Exercise prompt = Copy the material below verbatim from the line with "Eine alte Werbung" to the line with "Andros Apartment |", both lines included, omitting pictures and every line outside that range.

Records supplied =
───
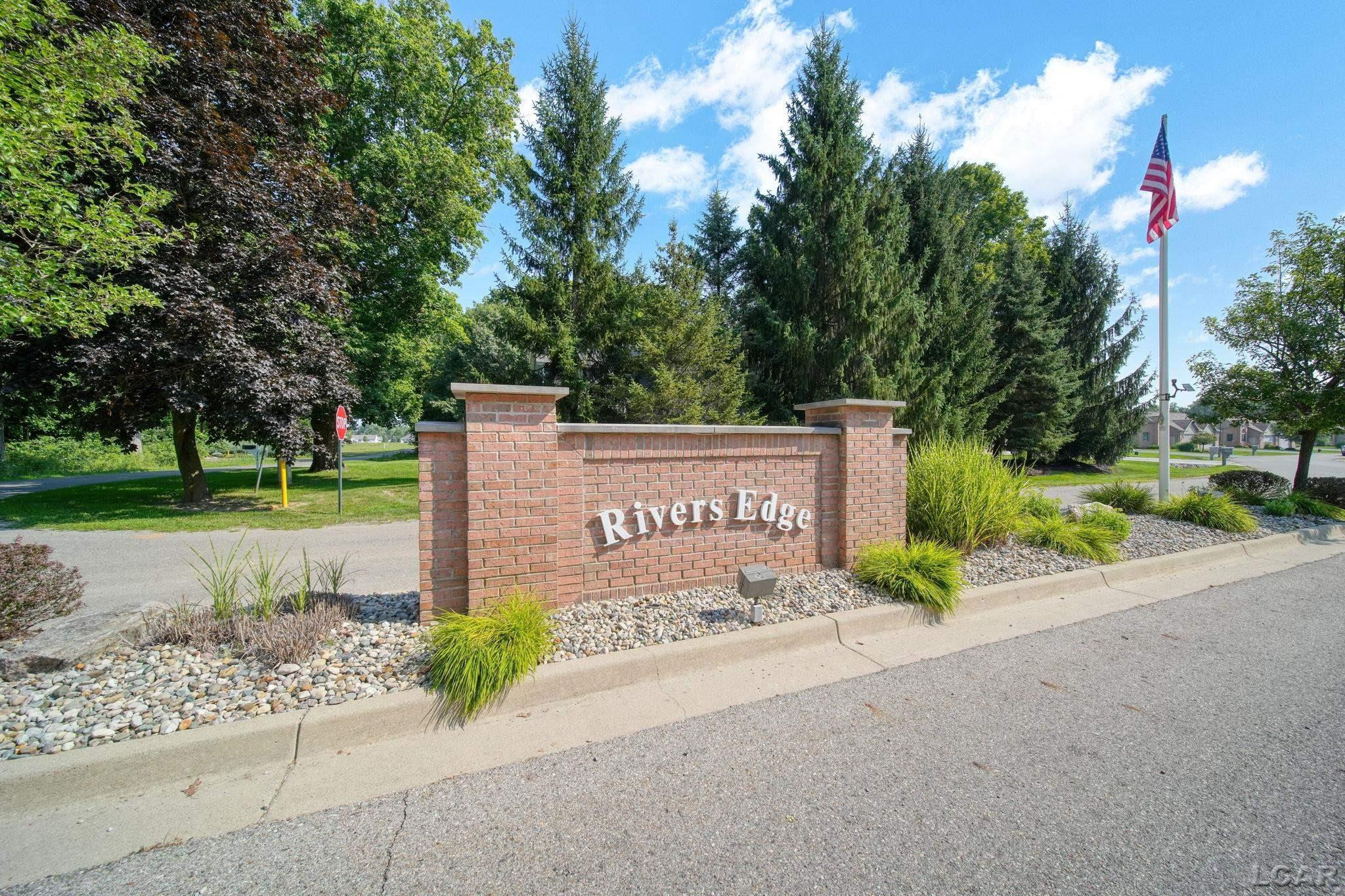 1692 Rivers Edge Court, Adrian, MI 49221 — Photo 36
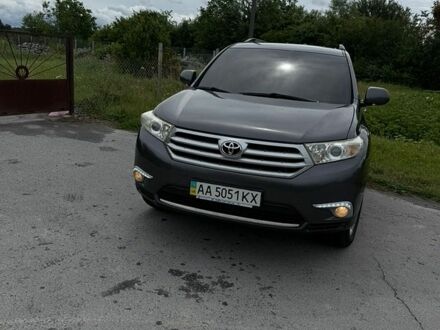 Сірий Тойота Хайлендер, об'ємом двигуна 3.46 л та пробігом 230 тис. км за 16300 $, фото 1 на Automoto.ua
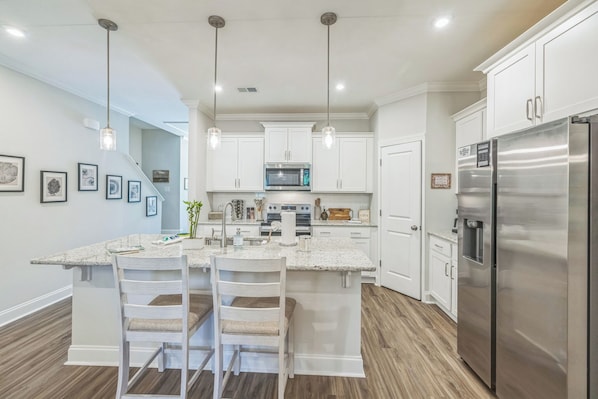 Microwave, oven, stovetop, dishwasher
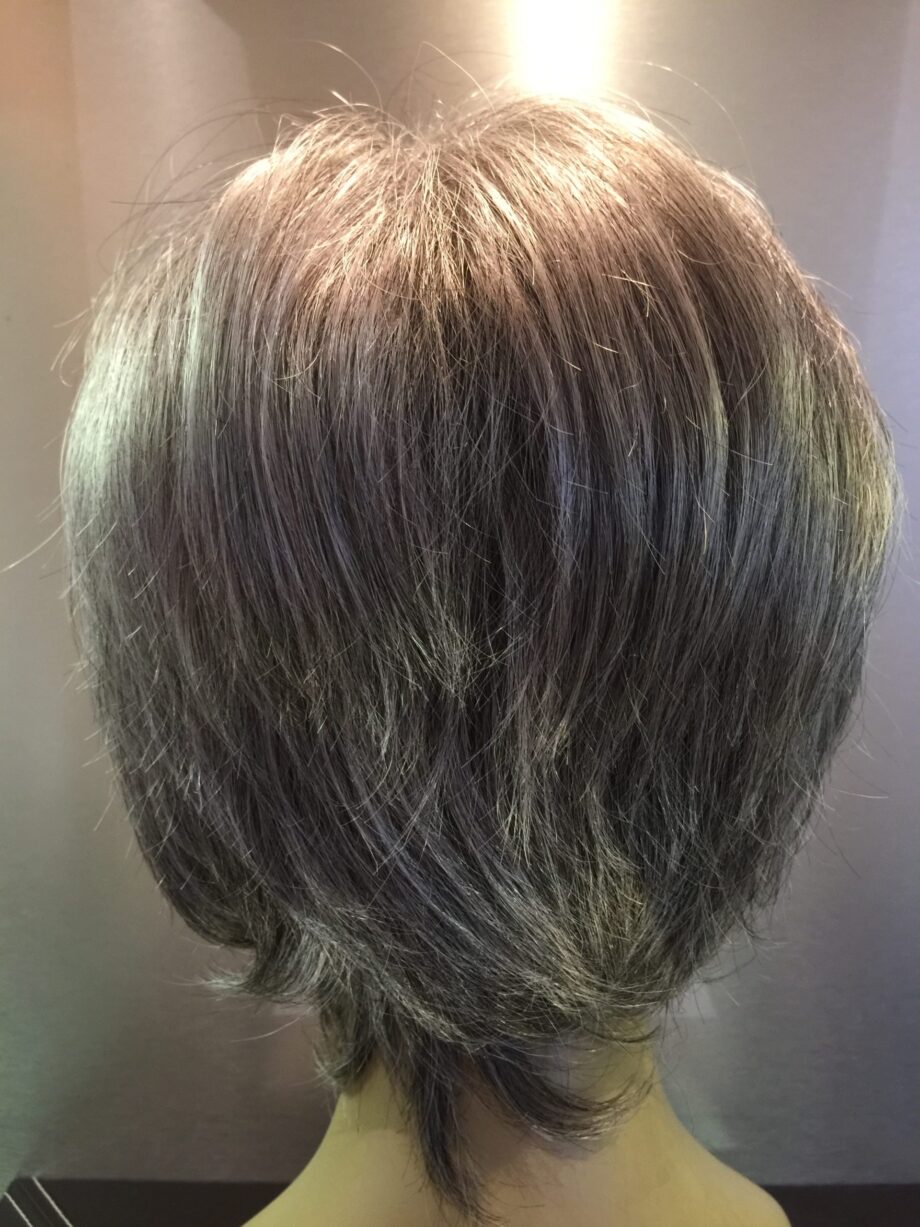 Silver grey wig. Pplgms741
───
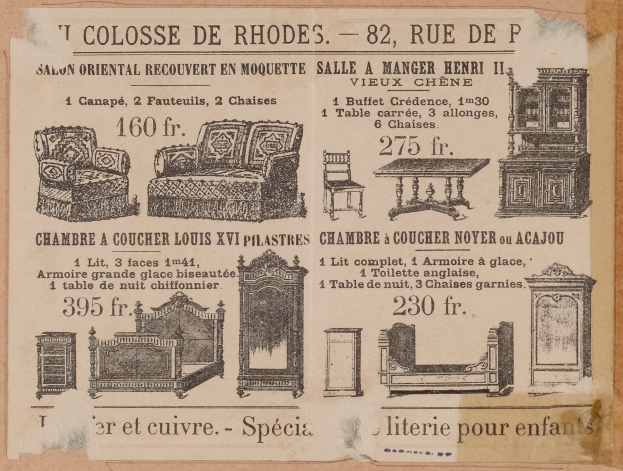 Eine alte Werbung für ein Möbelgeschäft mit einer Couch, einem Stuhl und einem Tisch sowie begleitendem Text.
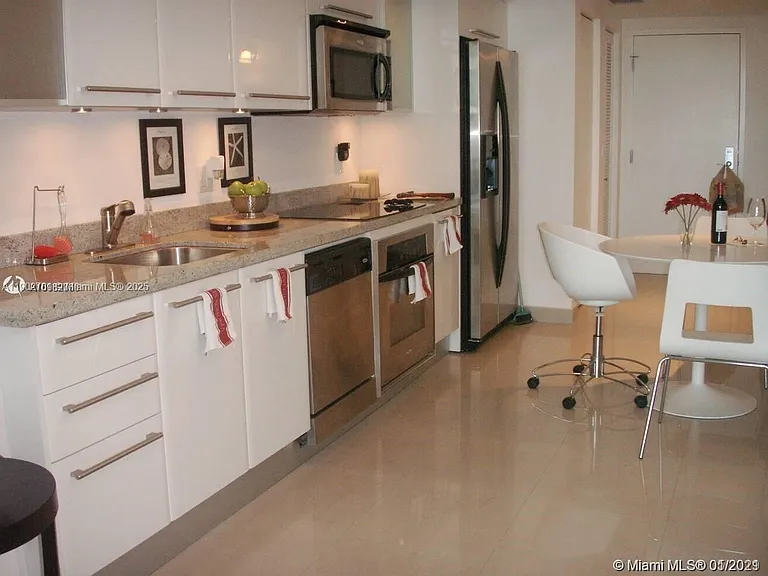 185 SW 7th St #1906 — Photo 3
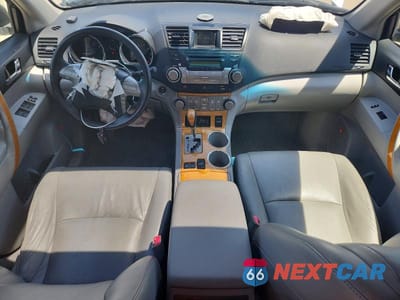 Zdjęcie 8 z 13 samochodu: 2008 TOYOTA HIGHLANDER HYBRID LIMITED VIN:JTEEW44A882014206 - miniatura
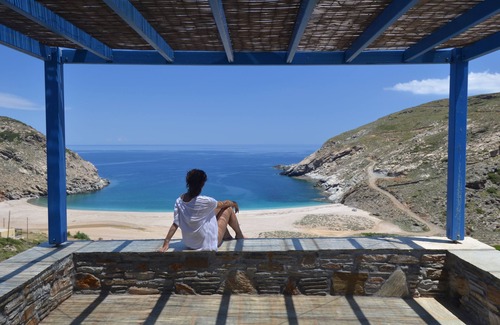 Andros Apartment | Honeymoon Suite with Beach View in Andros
───
Solution =
 Eine alte Werbung für ein Möbelgeschäft mit einer Couch, einem Stuhl und einem Tisch sowie begleitendem Text.
 185 SW 7th St #1906 — Photo 3
 Zdjęcie 8 z 13 samochodu: 2008 TOYOTA HIGHLANDER HYBRID LIMITED VIN:JTEEW44A882014206 - miniatura
 Andros Apartment | Honeymoon Suite with Beach View in Andros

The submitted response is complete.